Süleyman Bağ’ın 26 Kasım 2024 tarihinde bana bildirdiğine göre Bağ, diyor ki:
Kampanyanın Türkçe yönetiminden
sorumluyum. İlgi duyanlar benimle irtibata geçebilir
Bu hususta diyorum ki: "House
of One önemli çünkü insanları birbirine bağlıyor." Christian Arbeit,
Berlin'in doğusunda bulunan 1. FC Union'dan. Şehrin batısından ise Hertha
BSC'den, Thomas E. Herrich'in sözleri yankılanıyor: "Dünya, barış mekanlarına
ihtiyaç duyuyor. Bu yüzden Berlin'deki House of One çok önemli." Hertha
oyuncusu Derry Scherhant bağış çağrısında bulunuyor: "Bağışlanan her euro,
100 bin euroya kadar iki katına çıkarılacak. Bu da toplamda 200 bin euro barış
çalışmaları için toplanabilir anlamına geliyor."
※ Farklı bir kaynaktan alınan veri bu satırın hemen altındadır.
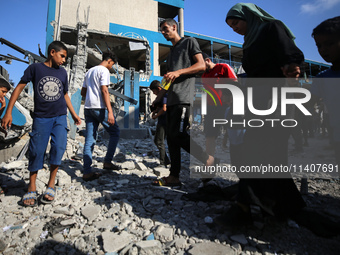 People are checking the destruction at a UN-run school after Israeli bombardment in Nuseirat, in the central Gaza Strip, on July 14, 2024, a...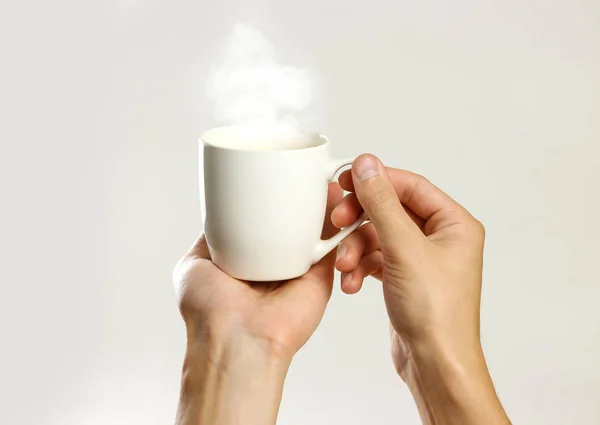 Mão masculina segurando caneca de vidro branco vazio. Isolado em cinza backgr — Fotografia de Stock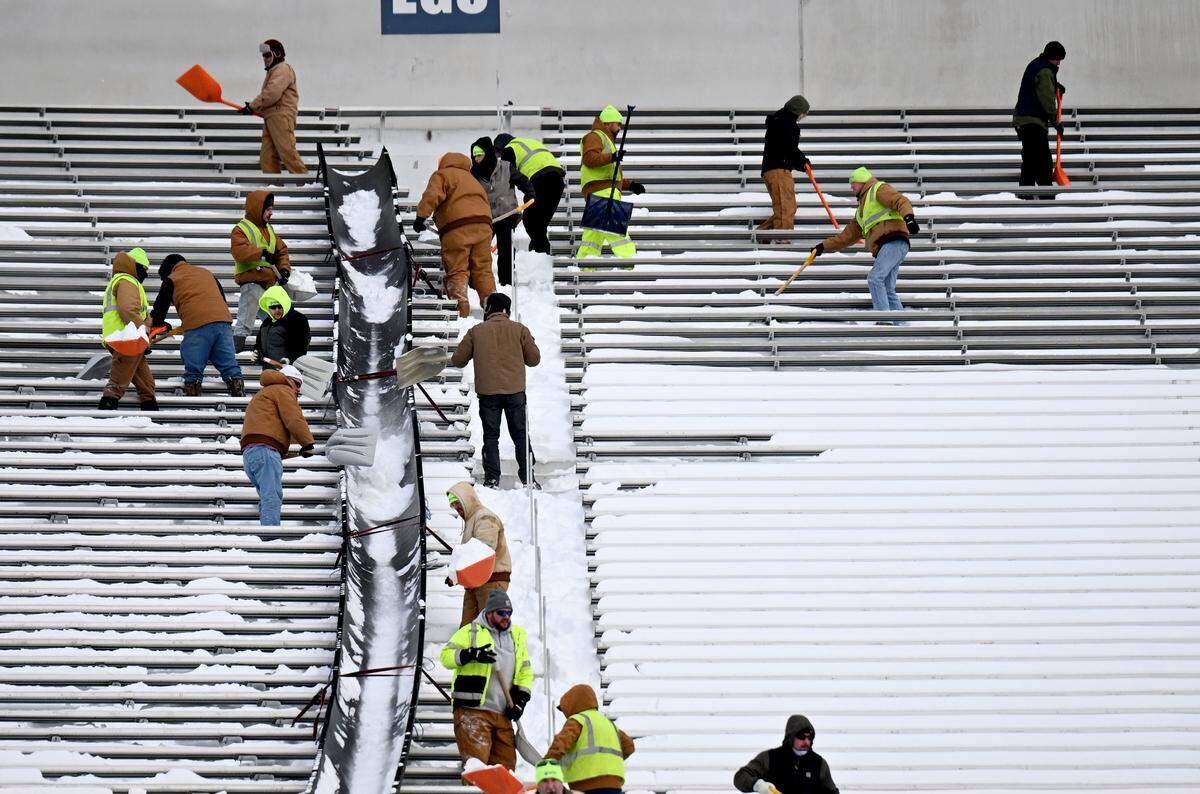 Crews shovel the snow from the stands at Beaver Stadium on Wednesday, Jan. 28, 2026.  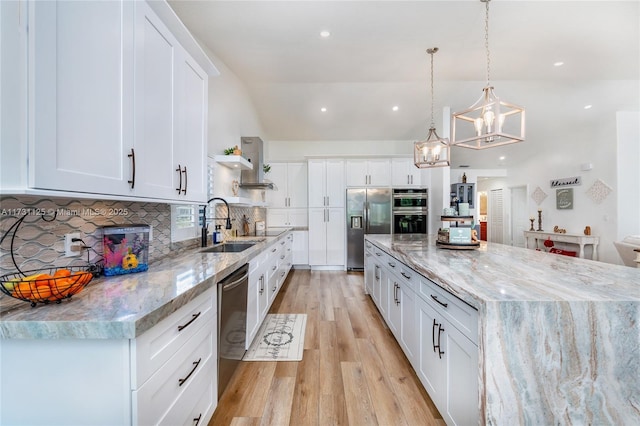 kitchen with a large island, appliances with stainless steel finishes, tasteful backsplash, a sink, and white cabinets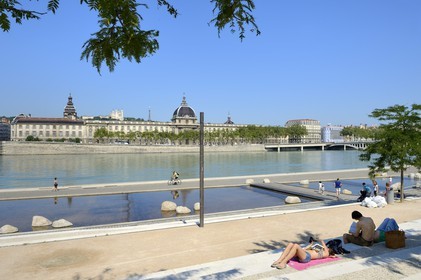 France, Rhone, Lyon, the banks of the Rhone river, the quay Victor Augagneur in the foreground, the hospital of Hotel Dieu and the Notre Dame de Fourviere Basilica, historical site listed as World Heritage by UNESCO, in the background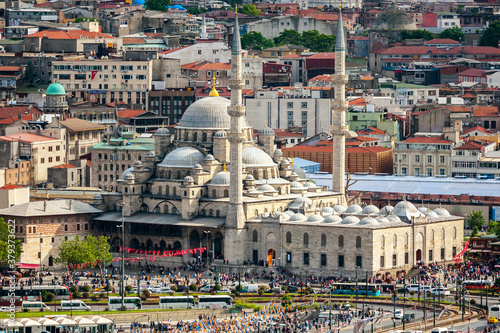 Aerial view of Yeni Cami mosque and Galata bridge during the day in Istanbul, Turkey photo
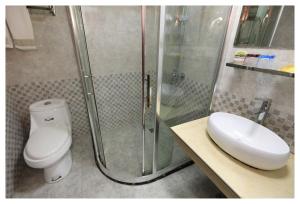 a bathroom with a shower and a toilet and a sink at Xian Yan Inn in Yueqing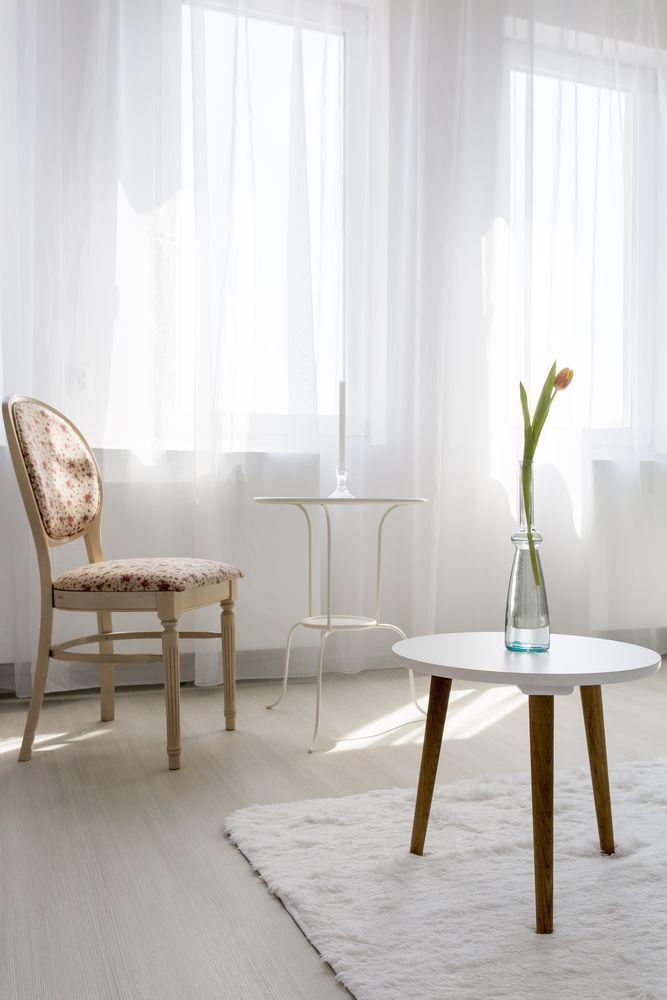 A bright, airy room with white sheer curtains, a floral-backed chair, and white tables. A vase holds a single flower.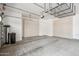 Well lit three car garage offers water filtration system and built in storage cabinets at 1029 E Ian Dr, Phoenix, AZ 85042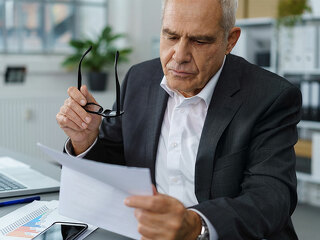 Anzugtraeger-liest-Brief-127365914-FO-contrastwerkstatt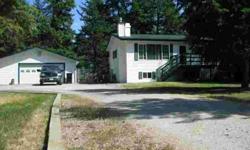 ''Spotless home & shop on 1.7 fenced acres''. Bright and airy 2,200+ Sq Ft home with new windows, new siding and newer roof, 24' covered deck, guest quarters, 4 bedrooms, 2 full baths, wood stove and much more. Bring your toys!Listing originally posted at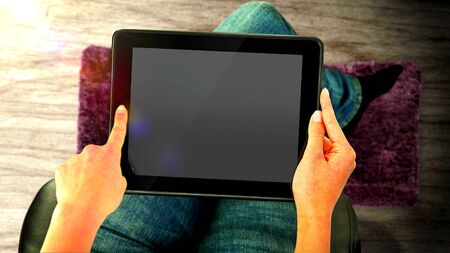 Seated woman with a tablet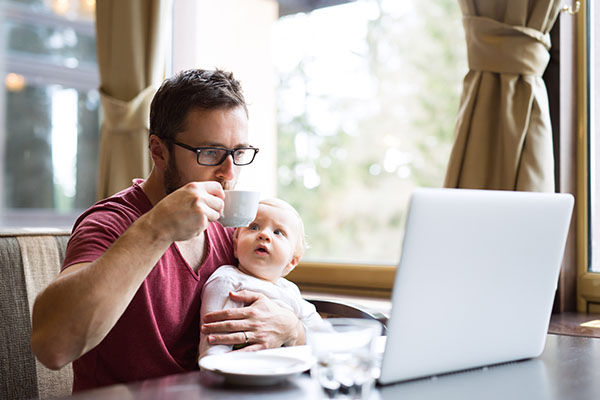 man with notebook in cafe sitting at the table drinking coffee, holding his son in his lap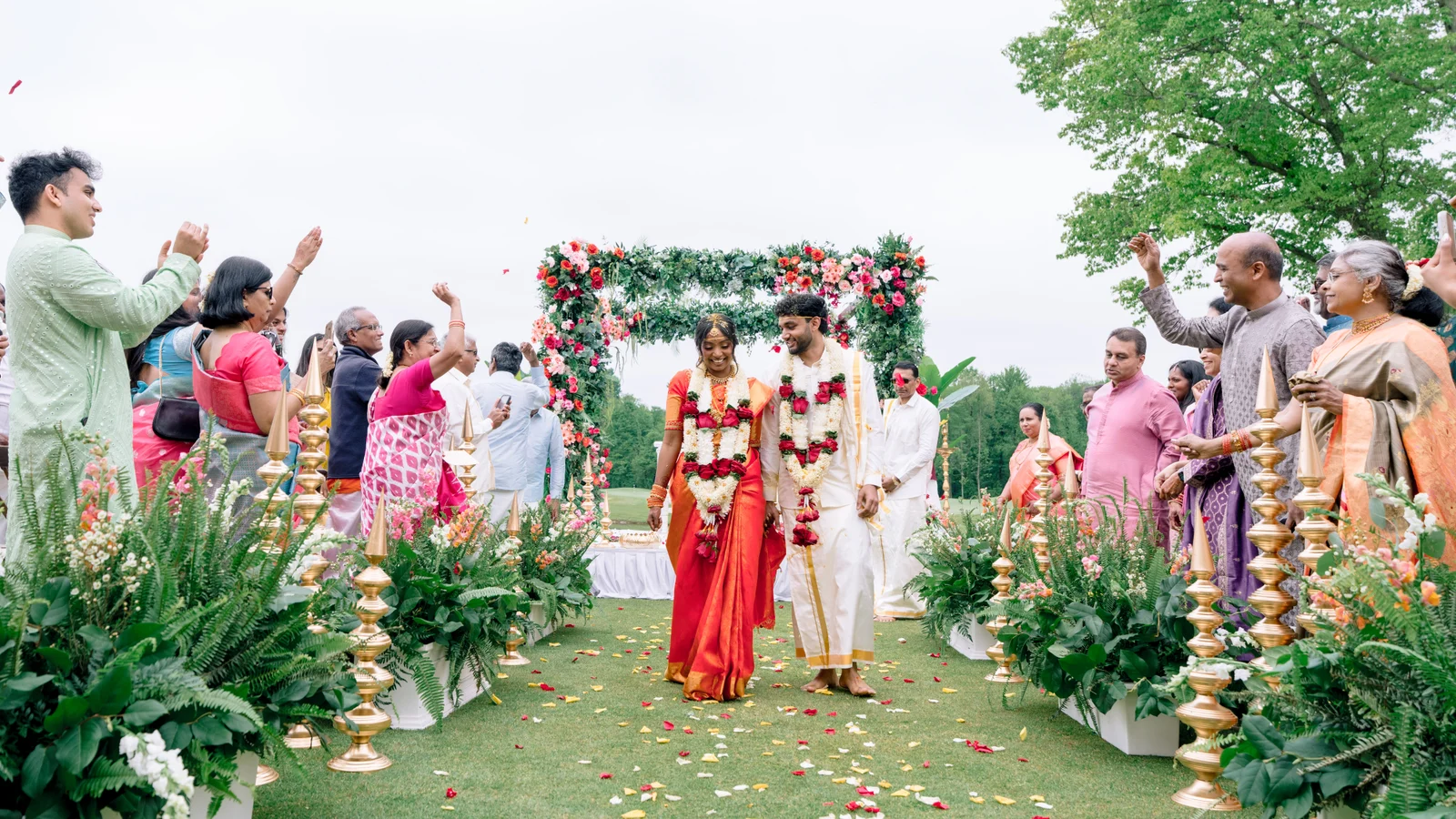 Newlyweds walking down a flower-lined aisle surrounded by their guests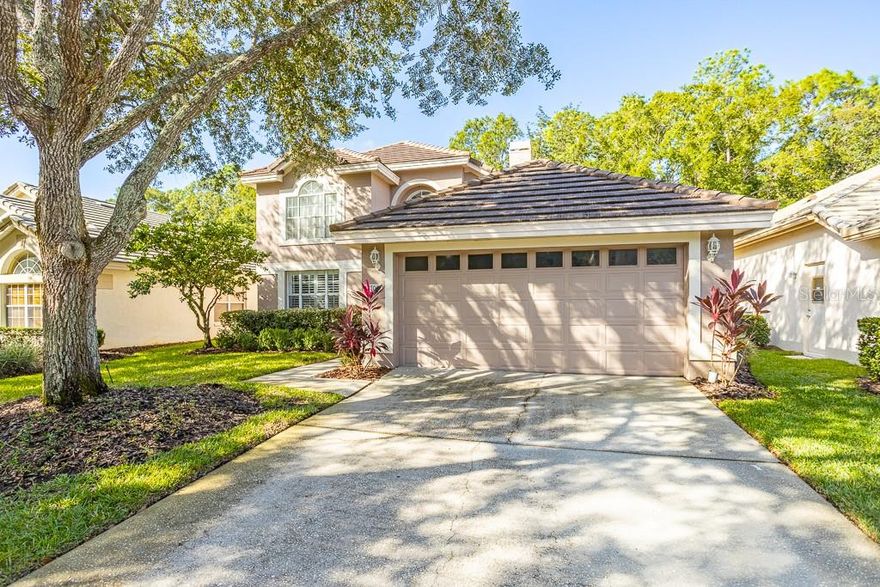 Welcome to your beautifully UPDATED home in the desirable Hunter's Green community! NO CDD! This stunning 3-bedroom, 2 and a half bathroom home offers the perfect blend of modern upgrades, indoor-outdoor living, and an unbeatable location. Step inside and be greeted by high ceilings, natural light, and a comfortable floor plan. The upgraded kitchen features new LG appliances, new hardware, and new ENGINEERED HARDWOOD throughout. Enjoy the striking SHIPLAP decorative fireplace—perfect for cozy evenings and stylish entertaining. Relax or entertain year-round in the screened-in porch overlooking your lush landscaped backyard with NATURAL PRESERVE behind it. Major updates include: UPDATED office, bathrooms, SOFTENER SYSTEM, oversized baseboards, front landscaping, plantation shutters, Electric Vehicle Charger, and NEW fixtures from CRATE & BARREL. ALL bathrooms have been RENOVATED and updated with elegant finishes. ROOF 2016 and AC 2020. Location is key—Hunter's Green amenities include a golf course, park, athletic fields, tennis courts, basketball courts, pool, gym, and playground. Take your BIKES to the nearby Flatwoods Conservation Park, and you are within 9 miles to Wiregrass Mall and Tampa Premium Outlet. Here you will be moments from great schools, dining, shopping, and you'll have convenient access to I-75, I-275, making it easy for commuting. This home is truly a MUST-SEE. Schedule your private showing today.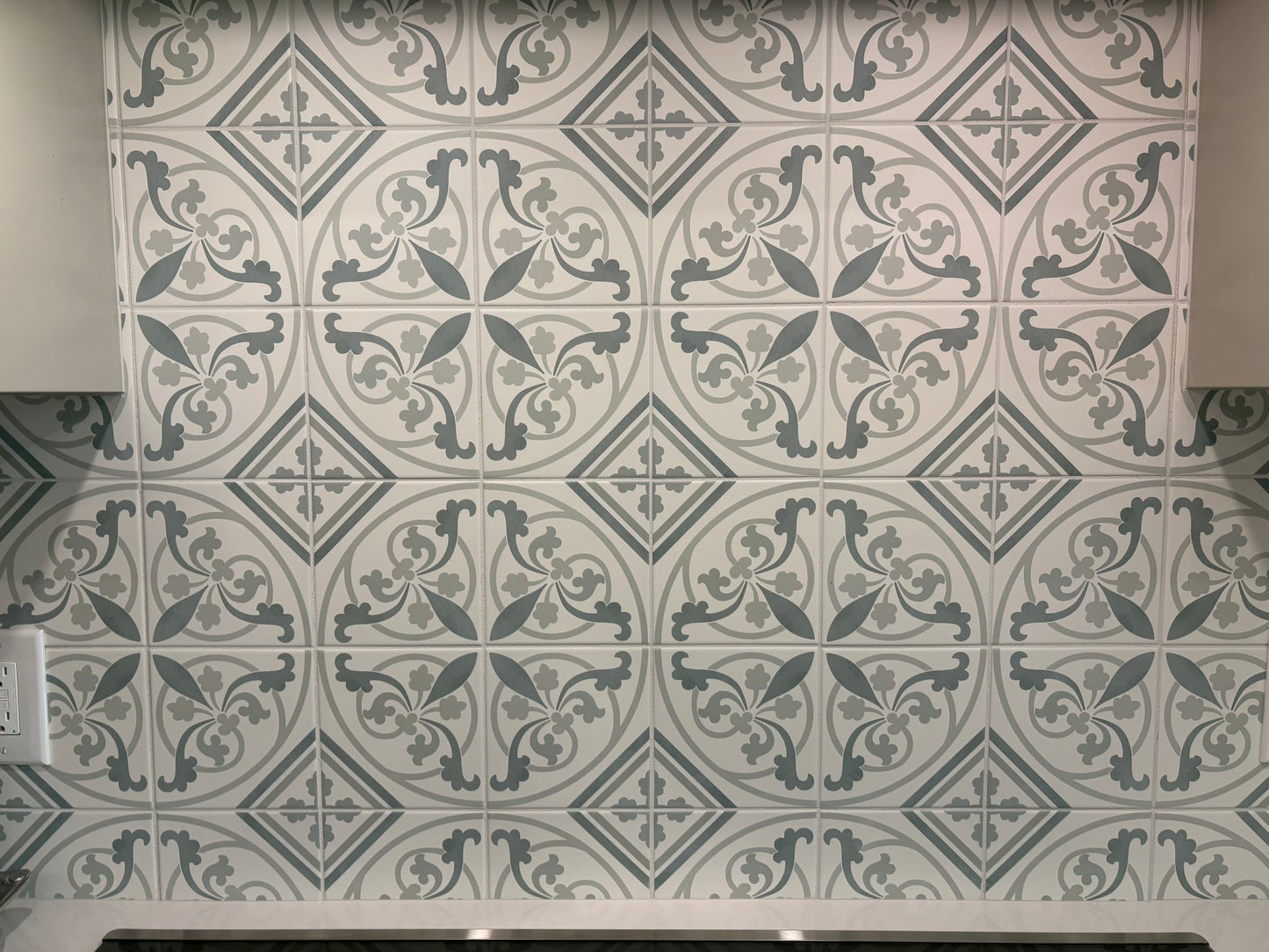 Decorative tiles with geometric patterns on a wall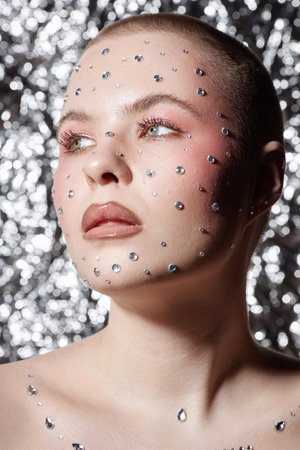 Vertical close up portrait of bald young woman wearing make up with silver gems looking away on...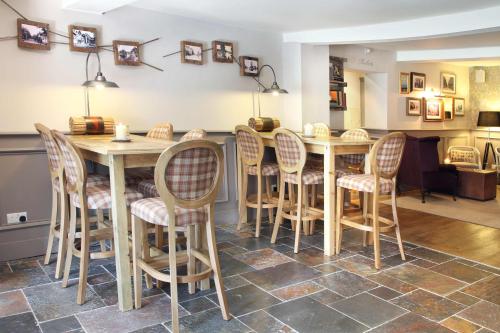 a dining room with a table and chairs at Flower Pot Hotel in Sunbury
“Sadece spor dünyasından değil, kültür ve toplumdan da birçok ünlü isim House
of One'ı desteklemeye çağırıyor. Bağışların ikiye katlanması, Essen'den Bethe
Vakfı ile Berlin'den HeLe Avus Vakfı tarafından finanse edilen "1x Barış,
herkes için lütfen" kampanyası kapsamında gerçekleşiyor. Kampanyayı
destekleyen diğer ünlü isimler arasında Almanya eski Cumhurbaşkanı Christian
Wulff, oyuncu Michael Hanemann, girişimci Verena Bahlsen ve Hemşirelik Konseyi
Başkanı Christine Vogler yer alıyor. Bu isimlerin hepsi, üç ay sürecek bağış
kampanyasının başlangıcını duyuran ilk kampanya videosunun bir parçası.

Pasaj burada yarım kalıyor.